Exercise: "Four samples are taken and averaged every hour from a production line and the hourly measurement of a particular impurity is recorded. Approximately one out of six of these averages exceeds 1.5% when the mean value is approximately 1.4%. State assumptions that would enable you to determine the proportion of the individual readings exceeding 1.6%. Make the assumptions and do the calculations. Are these assumptions likely to be true? If not, how might they be violated?"

My attempted solution:

$n=4$, $df=3$
$\mu = 1.4\%$
$P(x>1.5\%) = 1/6$
$P(x>1.6\%) = ?$

Since the sample size is small and we don't know the population std, we need to use the Student-t distribution (with 3 degrees of freedom). For that, we need to assume that the samples are IID. To compute the t-score we need $\sigma$, which is not given, but we can compute it from the information that $P(x>1.5\%) = 1/6 \approx 0.167$. It means that we can compute the value of t-statistic with inverse cdf of $1-0.167=0.833$. Inverse cdf for t-distribution with 3 degrees of freedom for $0.833$ is approximately $1.15$. From that we know: $$1.15 = \frac{x-\mu}{\sigma/\sqrt{n}} = \frac{1.5\%-1.4\%}{\sigma/\sqrt{4}} = \frac{0.1\%}{\sigma/2}$$ hence $\sigma = 0.174\%$.
Now we can compute the t-score for $1.6\%$ which is: $$t = \frac{1.6\%-1.4\%}{0.174\%/2} \approx 2.3$$ Next, reading from t-tables, we can check the value of $P(x>1.6\%)=P(t>2.3) \approx 0.05$, so there is around $5\%$ chance of getting a reading greater than $1.6\%$.

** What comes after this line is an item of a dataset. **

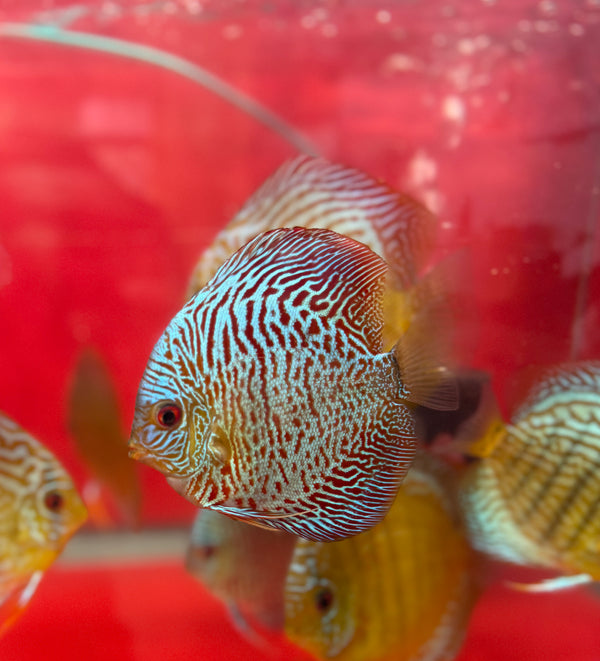 Metallic Blue Bamboo Cobra Discus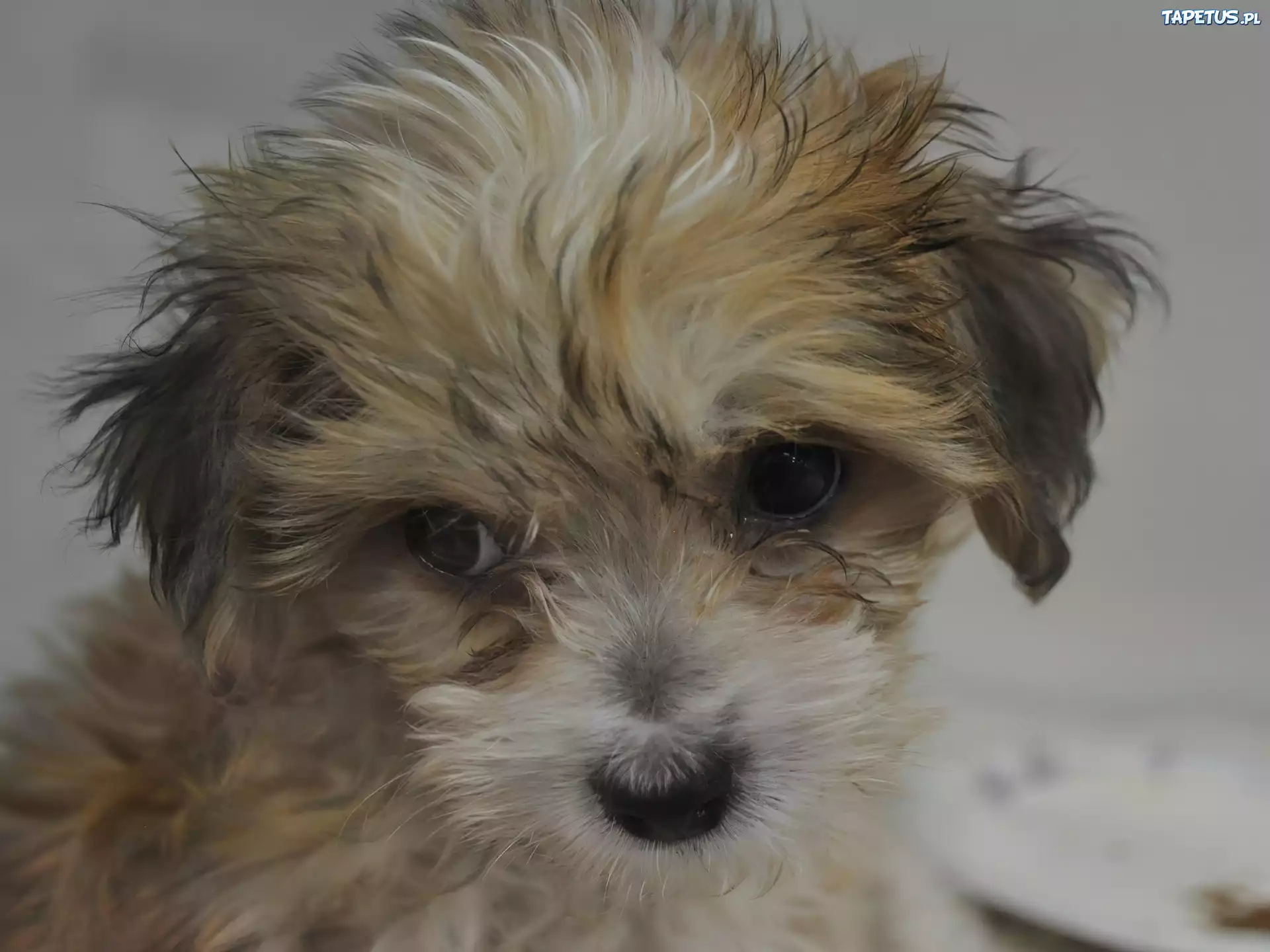 Smutny, Pies, Yorkshire Terrier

The assumption of IID could be not true if the samples were taken from different sources, or if the samples were not independent.

1

There are 1 best solutions below

2
On

By assuming that

  1. Each measurement follows the normal distribution $N(1.4,\sigma^2)$ (reasonable assumption for many measurements)
  2. The measurements are iid (as they are randomly sampled from the same line randomly at a certain time),
  3. The process is in control (the mean and variance remain unchanged).

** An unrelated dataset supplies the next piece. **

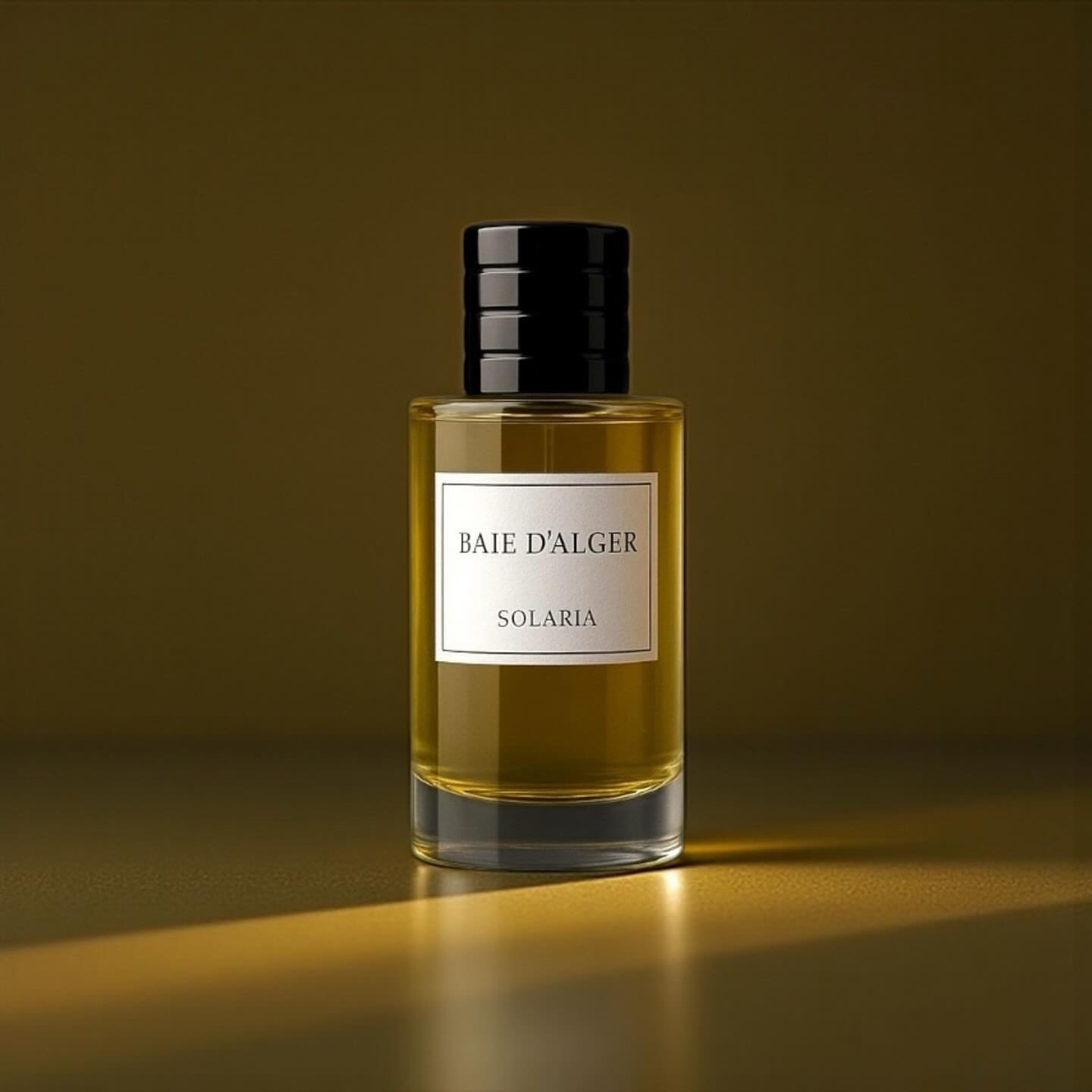 img_8603 Baie d’Alger - Image 1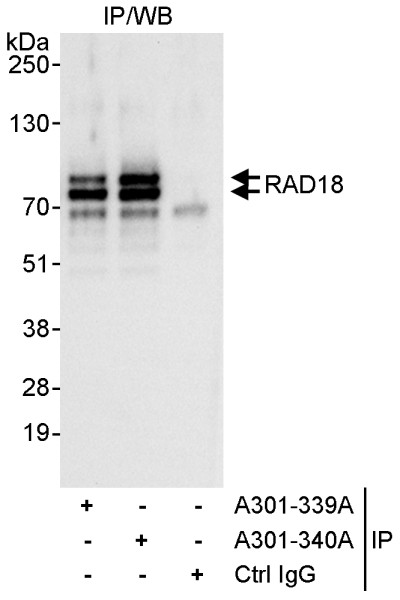 Anti-Rad18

we have that the hourly average $\bar{X} \sim N(1.4,\frac{\sigma^2}{4})$. Then, from

$$P(\bar{X}>1.5\%) = P \left (Z=\frac{\bar{X}-1.4}{\sigma/\sqrt{4}}>\frac{1.5-1.4}{\sigma/\sqrt{4}} \right) =1-\Phi\left (\frac{1.5-1.4}{\sigma/\sqrt{4}} \right)=1/6,$$

you can obtain $\sigma^2$, and then you can compute

$$P(\bar{X}>1.6\%).$$

Working with T distribution is not needed here as we can directly compute $\sigma^2$.

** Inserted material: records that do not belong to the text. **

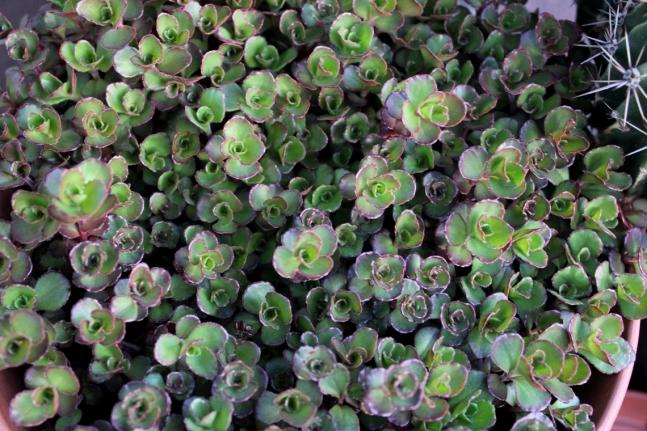 Name:  2012-04-04 Sedum spurium.jpg
Views: 1729
Size:  69.4 KB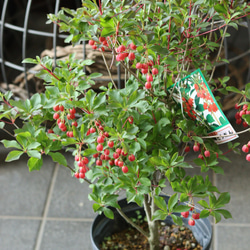 紅ドウダンツツジ その他インテリア雑貨 トータルプランツイーグレット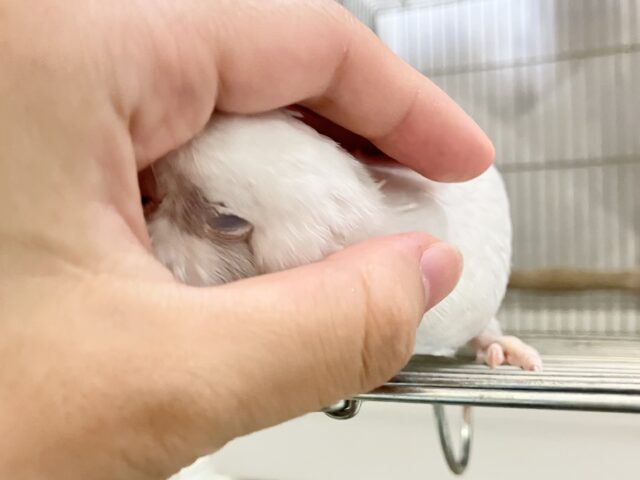 オキナインコ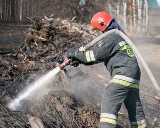 Pożar lasu w gminie Głowno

If the sample is taken fully randomly at a certain time, in practice, only the first assumption may be violated, and $\bar{X}$ may not follow $N(1.4,\frac{\sigma^2}{4})$ as the sample size is only $4$. For a larger sample size ($\ge 30$), we can use the CLT. Note that for some population distributions (such as uniform distribution) even for $n=4$, the distribution of $\bar{X}$ becomes very similar to a normal distribution.